Give again only those lines from the start of the entries through the line holding "Main image of", leaving them as they are.

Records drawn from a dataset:

------------

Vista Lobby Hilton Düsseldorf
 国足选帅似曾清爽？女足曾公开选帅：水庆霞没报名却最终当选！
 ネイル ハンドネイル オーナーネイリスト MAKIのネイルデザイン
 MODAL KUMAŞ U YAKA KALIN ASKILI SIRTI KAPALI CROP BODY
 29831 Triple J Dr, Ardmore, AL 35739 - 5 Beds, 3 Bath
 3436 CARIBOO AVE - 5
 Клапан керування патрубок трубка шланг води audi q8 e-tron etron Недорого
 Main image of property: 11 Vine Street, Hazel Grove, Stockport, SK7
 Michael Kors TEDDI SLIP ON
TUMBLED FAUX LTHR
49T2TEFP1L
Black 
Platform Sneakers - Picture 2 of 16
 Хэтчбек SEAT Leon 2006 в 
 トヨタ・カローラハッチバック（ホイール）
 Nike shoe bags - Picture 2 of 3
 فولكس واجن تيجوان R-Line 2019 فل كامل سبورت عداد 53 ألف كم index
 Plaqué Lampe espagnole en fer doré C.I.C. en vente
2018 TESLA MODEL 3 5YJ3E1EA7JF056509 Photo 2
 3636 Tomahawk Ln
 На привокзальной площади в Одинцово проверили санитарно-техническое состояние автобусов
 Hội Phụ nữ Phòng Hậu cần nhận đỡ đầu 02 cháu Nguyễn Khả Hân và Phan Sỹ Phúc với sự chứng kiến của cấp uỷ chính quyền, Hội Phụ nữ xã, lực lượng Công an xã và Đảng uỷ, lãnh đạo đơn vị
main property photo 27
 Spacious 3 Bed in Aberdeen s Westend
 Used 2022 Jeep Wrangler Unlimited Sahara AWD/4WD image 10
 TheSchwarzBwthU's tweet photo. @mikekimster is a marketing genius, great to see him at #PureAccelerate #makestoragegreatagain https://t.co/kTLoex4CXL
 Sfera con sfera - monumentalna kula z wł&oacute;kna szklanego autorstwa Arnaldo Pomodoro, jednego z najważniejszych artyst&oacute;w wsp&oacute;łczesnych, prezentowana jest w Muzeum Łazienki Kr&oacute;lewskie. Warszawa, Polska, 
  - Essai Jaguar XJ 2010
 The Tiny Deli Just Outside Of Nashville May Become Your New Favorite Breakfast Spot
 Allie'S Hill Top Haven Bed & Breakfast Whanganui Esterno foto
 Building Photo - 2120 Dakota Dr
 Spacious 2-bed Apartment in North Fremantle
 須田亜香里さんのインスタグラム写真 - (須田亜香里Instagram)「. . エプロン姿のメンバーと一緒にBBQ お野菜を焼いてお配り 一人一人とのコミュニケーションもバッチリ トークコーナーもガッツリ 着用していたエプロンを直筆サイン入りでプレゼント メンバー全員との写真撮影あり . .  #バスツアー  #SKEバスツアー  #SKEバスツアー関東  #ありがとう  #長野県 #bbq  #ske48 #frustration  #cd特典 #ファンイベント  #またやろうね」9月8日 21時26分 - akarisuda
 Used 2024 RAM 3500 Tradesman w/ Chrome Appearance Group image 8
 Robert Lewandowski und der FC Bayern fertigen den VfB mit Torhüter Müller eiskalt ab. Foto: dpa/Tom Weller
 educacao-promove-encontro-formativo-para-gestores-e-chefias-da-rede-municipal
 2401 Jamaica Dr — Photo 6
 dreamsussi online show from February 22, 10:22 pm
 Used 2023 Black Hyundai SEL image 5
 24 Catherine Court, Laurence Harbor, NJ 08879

------------

▶ **TASK RESPONSE**
Vista Lobby Hilton Düsseldorf
 国足选帅似曾清爽？女足曾公开选帅：水庆霞没报名却最终当选！
 ネイル ハンドネイル オーナーネイリスト MAKIのネイルデザイン
 MODAL KUMAŞ U YAKA KALIN ASKILI SIRTI KAPALI CROP BODY
 29831 Triple J Dr, Ardmore, AL 35739 - 5 Beds, 3 Bath
 3436 CARIBOO AVE - 5
 Клапан керування патрубок трубка шланг води audi q8 e-tron etron Недорого
 Main image of property: 11 Vine Street, Hazel Grove, Stockport, SK7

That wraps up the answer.